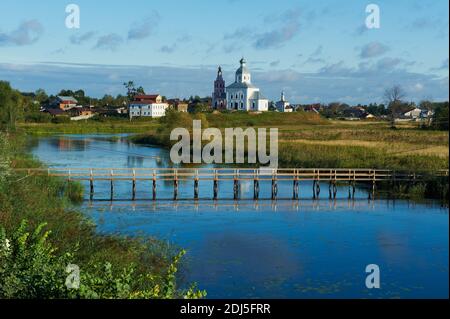 Russia, Rossiya, Vladimir Oblast, anello d'oro, Suzdal, patrimonio mondiale dell'UNESCO, fiume Kamenka Foto Stock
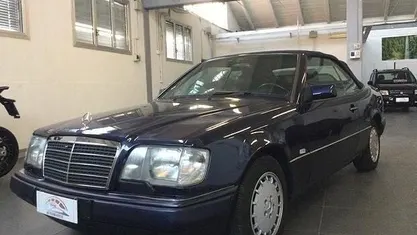 Usata Mercedes E200 135 CV (99 kW) 1994 Blu Cabrio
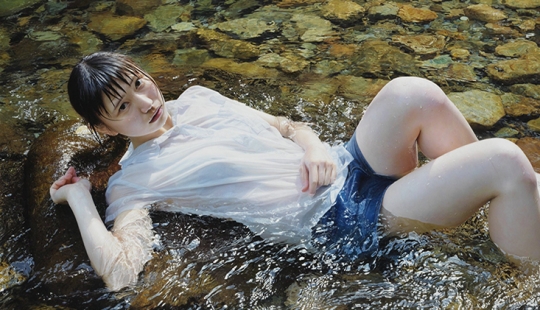 Girl no: paintings from Hiroshima to distinguish from photos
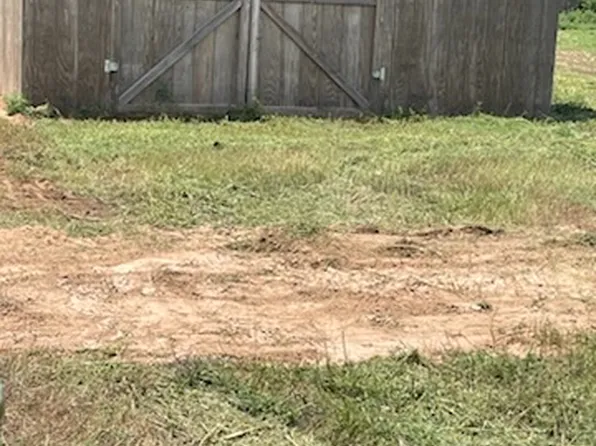 107 Avenue I #1, Ralls, TX 79357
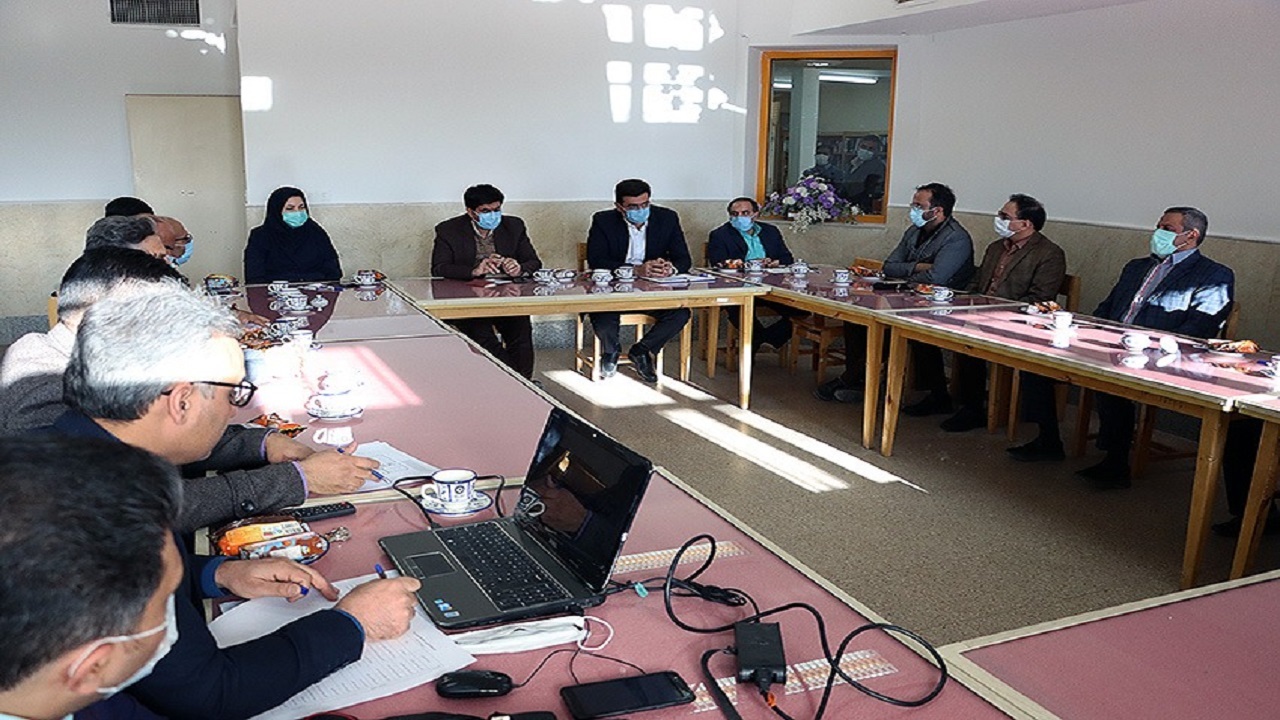 ساماندهی و بهسازی کتابخانه عمومی آذریزدی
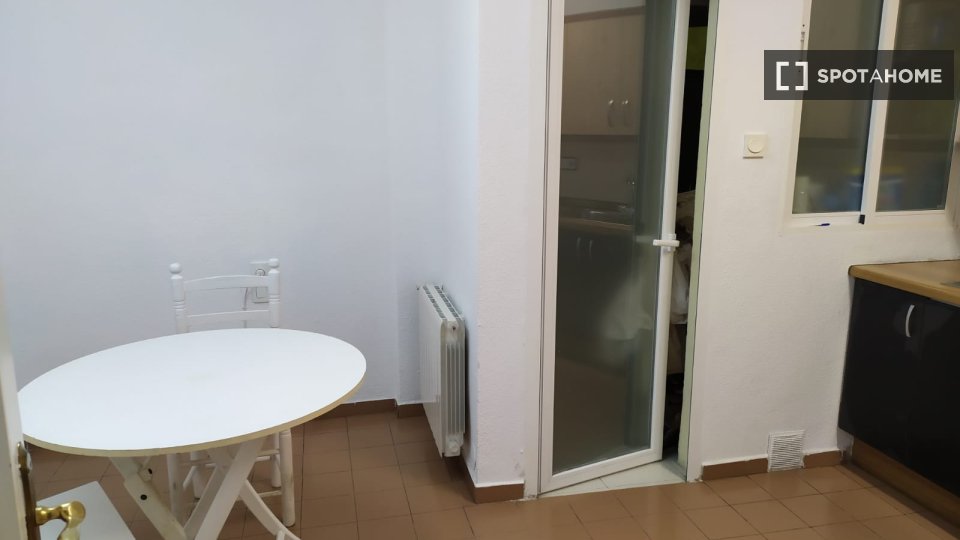 Double room Valencia, 4 beds, 90m² — photo 17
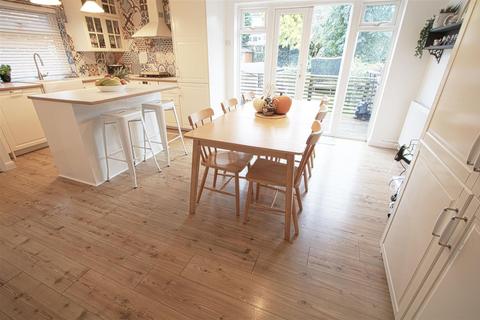 48 Hillside Road, Billericay, CM11 2BX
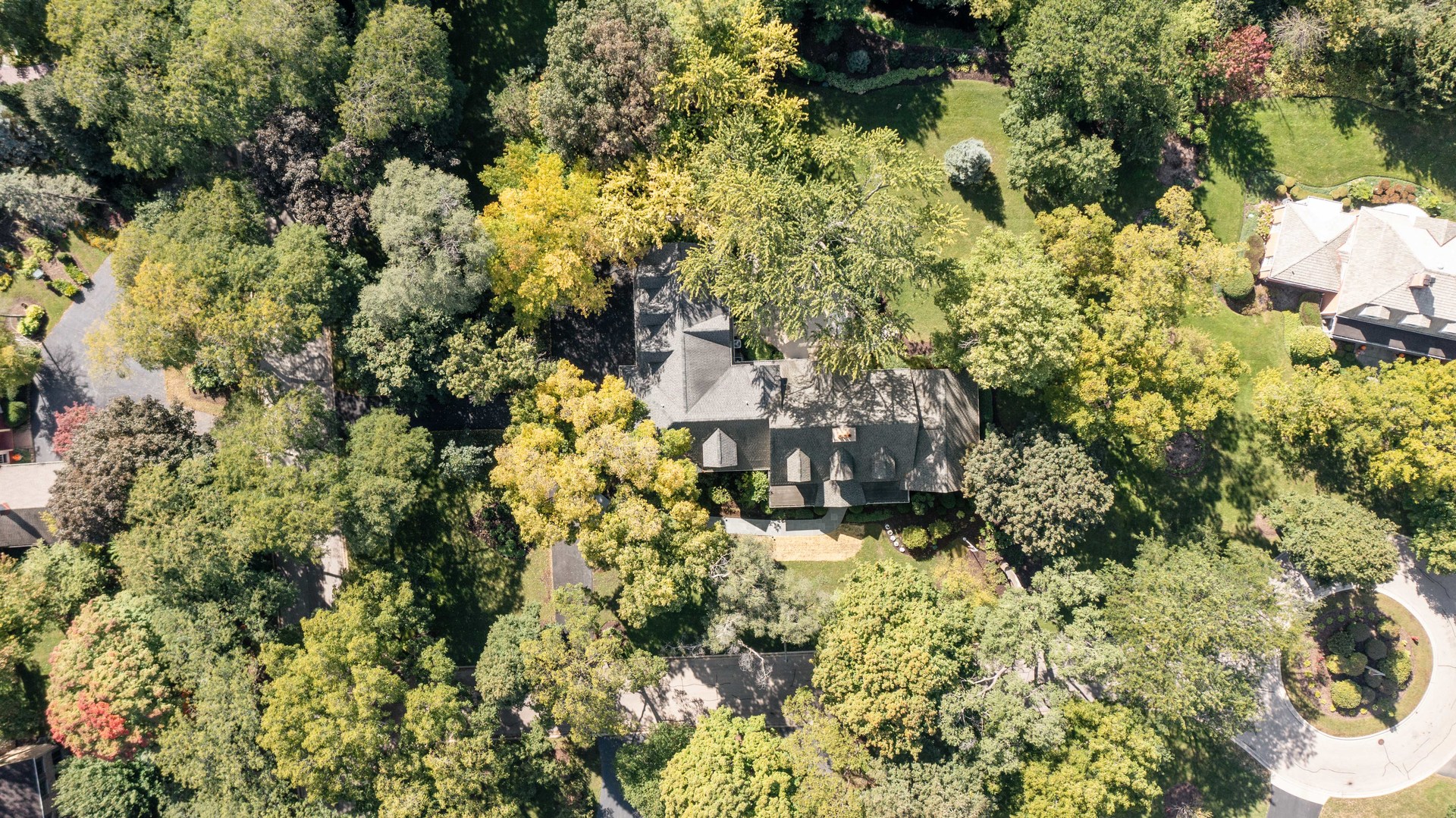 710 Walnut Road Barrington, IL 60010 - Photo 2 of 52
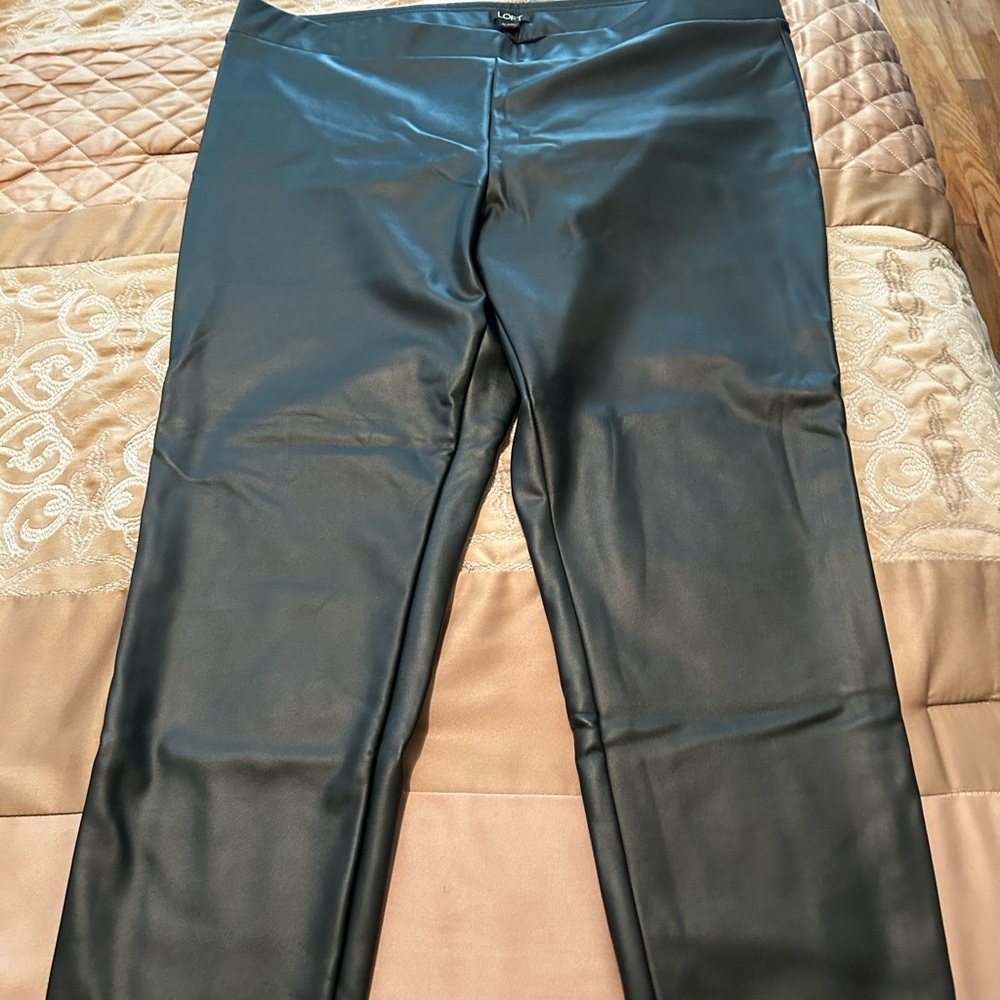 Loft faux elastic waist leather pants size XL. Very soft and manageable to wear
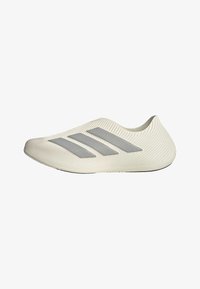 Επιλέχθηκε, ftwr white grey two core black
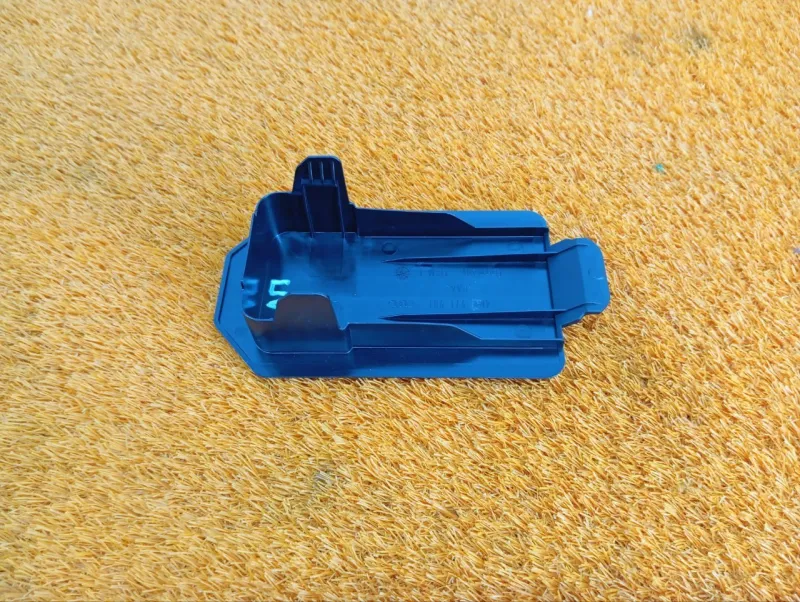 Крышка блока предохранителей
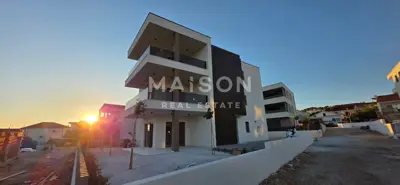 Vodice, Neubau, Wohnung 89 m² im 1. Stock, Meeresnähe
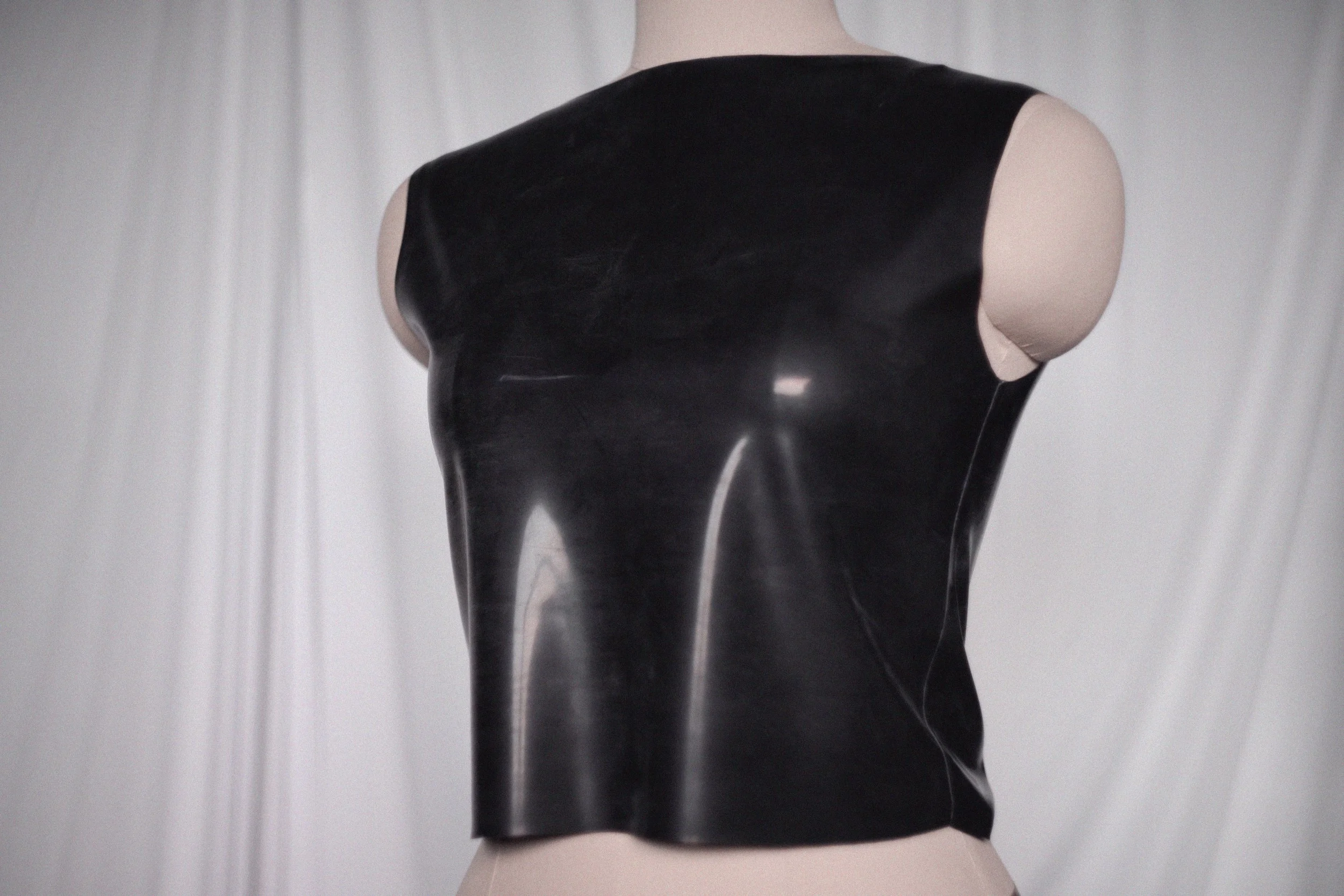 boxy cropped top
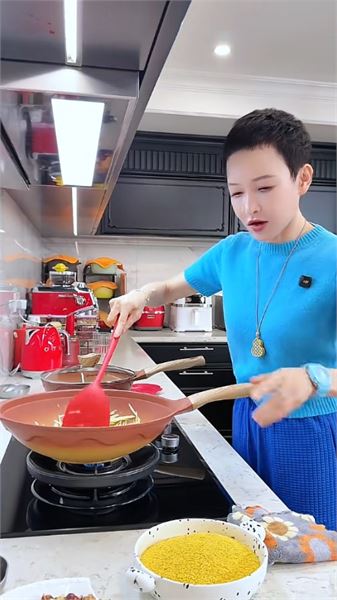 網友滿滿的疑問：狗狗養護、做菜博主之路一次說清楚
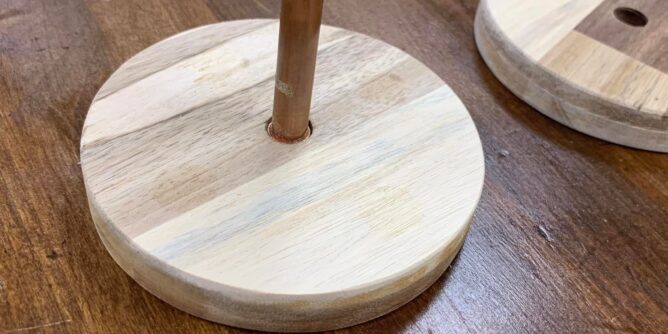 毛糸がクルクル回るホルダーです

# # #

WHAT TO DO: Extract only the lines from the line containing "Girl no: paintings" through the final line of the records; keep both ends and drop every picture.

TASK RESULT:
 Girl no: paintings from Hiroshima to distinguish from photos
 107 Avenue I #1, Ralls, TX 79357
 ساماندهی و بهسازی کتابخانه عمومی آذریزدی
 Double room Valencia, 4 beds, 90m² — photo 17
 48 Hillside Road, Billericay, CM11 2BX
 710 Walnut Road Barrington, IL 60010 - Photo 2 of 52
 Loft faux elastic waist leather pants size XL. Very soft and manageable to wear
 Επιλέχθηκε, ftwr white grey two core black
 Крышка блока предохранителей
 Vodice, Neubau, Wohnung 89 m² im 1. Stock, Meeresnähe
 boxy cropped top
 網友滿滿的疑問：狗狗養護、做菜博主之路一次說清楚
 毛糸がクルクル回るホルダーです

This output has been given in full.